After closing BOIY KRAZI, in 1998, Berman and Diaz parted ways amicably. Berman, then, went on to teach in East Harlem and acquired a studio on 3rd Avenue and 119th St in East Harlem. In addition to teaching, for some time now, Berman had been silk screen printing with the screens she had kept from BOIY KRAZI. Inspired by her travels in Mexico and her day-to-day visuals of the then, rough East Harlem, Latin gangsters, she then met Fabio Anzolin Borges, a student at AMDA who became her best friend. Borges was a Brazilian actor from Florianopolis. Borges and Berman would often spend entire days dreaming of 17th century Brazil and as a result, Berman created and became more passionate with her imagery of re-vamped Afro-Brazilian art, history and culture. Berman then opened her first store, BOIY KRAZI, in 2007 on 112th Street and 2nd Ave. Rihanna was her first customer, whose then single, "Umbrella", was number 1 on the charts.

Within a month, Berman's store was burned to the ground and was under an arson investigation. After this trauma, Berman regrouped and moved to Brooklyn, N.Y. After moving to Brooklyn, Berman with Leonel Logrono, a Dominican sewing machine repairman, whom she married in 2005. She then proceeded to open another store in Williamsburg, BOIY KRAZI'S GROOVI GARDENS. BOIY KRAZI GROOVI GARDENS stayed open from February 2008 to late 2008. Shortly thereafter, Berman opened her third store, Thug Mama, on N4th St. in Williamsburg in 2011.
FURNITURE

Before her store burned to the ground in 2007, Berman took her textiles and began creating upcycled furniture as art. Using her printed fabrics and antique frames, she began reupholstering furniture.

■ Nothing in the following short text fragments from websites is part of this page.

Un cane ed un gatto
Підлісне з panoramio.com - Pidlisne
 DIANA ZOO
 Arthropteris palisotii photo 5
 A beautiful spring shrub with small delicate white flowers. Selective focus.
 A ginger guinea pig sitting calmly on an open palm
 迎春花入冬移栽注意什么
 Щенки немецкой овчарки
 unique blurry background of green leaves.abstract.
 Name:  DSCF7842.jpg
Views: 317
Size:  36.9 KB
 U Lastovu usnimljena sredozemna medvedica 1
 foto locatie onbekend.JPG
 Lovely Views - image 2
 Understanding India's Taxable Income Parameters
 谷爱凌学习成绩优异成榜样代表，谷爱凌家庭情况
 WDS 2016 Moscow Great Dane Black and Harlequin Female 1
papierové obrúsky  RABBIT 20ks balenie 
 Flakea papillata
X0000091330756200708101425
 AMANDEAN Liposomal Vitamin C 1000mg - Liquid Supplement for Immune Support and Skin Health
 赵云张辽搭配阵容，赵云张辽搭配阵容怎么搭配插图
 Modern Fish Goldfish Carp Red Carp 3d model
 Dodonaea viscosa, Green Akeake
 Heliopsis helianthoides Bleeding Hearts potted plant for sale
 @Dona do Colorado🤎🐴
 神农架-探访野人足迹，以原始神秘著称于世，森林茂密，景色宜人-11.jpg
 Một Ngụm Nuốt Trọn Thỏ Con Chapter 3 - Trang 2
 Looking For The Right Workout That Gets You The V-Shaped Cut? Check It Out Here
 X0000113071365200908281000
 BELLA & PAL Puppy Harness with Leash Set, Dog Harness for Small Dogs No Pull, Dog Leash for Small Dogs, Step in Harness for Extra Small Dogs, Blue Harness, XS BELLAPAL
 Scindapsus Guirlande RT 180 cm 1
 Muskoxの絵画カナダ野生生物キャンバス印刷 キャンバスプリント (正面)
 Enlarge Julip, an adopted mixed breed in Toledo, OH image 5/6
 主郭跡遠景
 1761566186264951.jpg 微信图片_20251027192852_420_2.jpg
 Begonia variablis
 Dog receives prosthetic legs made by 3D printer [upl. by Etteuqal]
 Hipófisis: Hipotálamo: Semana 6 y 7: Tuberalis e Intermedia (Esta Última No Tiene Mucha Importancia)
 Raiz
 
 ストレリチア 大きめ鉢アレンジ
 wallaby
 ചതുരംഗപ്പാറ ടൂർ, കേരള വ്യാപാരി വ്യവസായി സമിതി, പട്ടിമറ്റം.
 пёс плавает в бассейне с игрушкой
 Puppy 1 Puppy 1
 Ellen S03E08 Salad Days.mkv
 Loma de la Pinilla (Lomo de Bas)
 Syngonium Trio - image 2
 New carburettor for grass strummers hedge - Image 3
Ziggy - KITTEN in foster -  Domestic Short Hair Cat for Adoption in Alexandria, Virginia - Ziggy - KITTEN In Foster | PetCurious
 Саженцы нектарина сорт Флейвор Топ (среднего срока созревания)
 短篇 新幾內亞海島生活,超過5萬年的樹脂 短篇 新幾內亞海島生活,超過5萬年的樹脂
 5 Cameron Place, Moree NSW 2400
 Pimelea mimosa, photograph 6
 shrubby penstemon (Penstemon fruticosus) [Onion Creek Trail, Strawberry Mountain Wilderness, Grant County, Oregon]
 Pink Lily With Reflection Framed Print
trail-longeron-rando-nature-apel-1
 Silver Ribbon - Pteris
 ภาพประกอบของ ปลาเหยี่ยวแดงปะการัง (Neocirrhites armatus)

In 2008, Berman resumed her fashion career in Bushwick in Brooklyn, N.Y. She became the premiere designer at The Green Shows. Berman showed in Fashion Week and received the 2011 Ecco-Domini Semi-Finalist award in Sustainable Clothing. She also received Time Out Magazine's and WWD's Breakout Designer award. Berman sewed, printed and patterned everything herself. Berman also appeared on the premiere episode of Lifetime Television's " A 24 Hr. Catwalk", which she won.

After frustration with the clothing industry and her approach to her clothing being a one-of-a-kind, reconstructed art piece, Berman turned completely to furniture. Her upcycled Chrome chair appeared in the Thanksgiving issue of the 2013 NY Magazine's The Cut's Best Bet. She then appeared on the April 2014 cover of New York Cottages and Gardens for her mini-rock star arm chairs.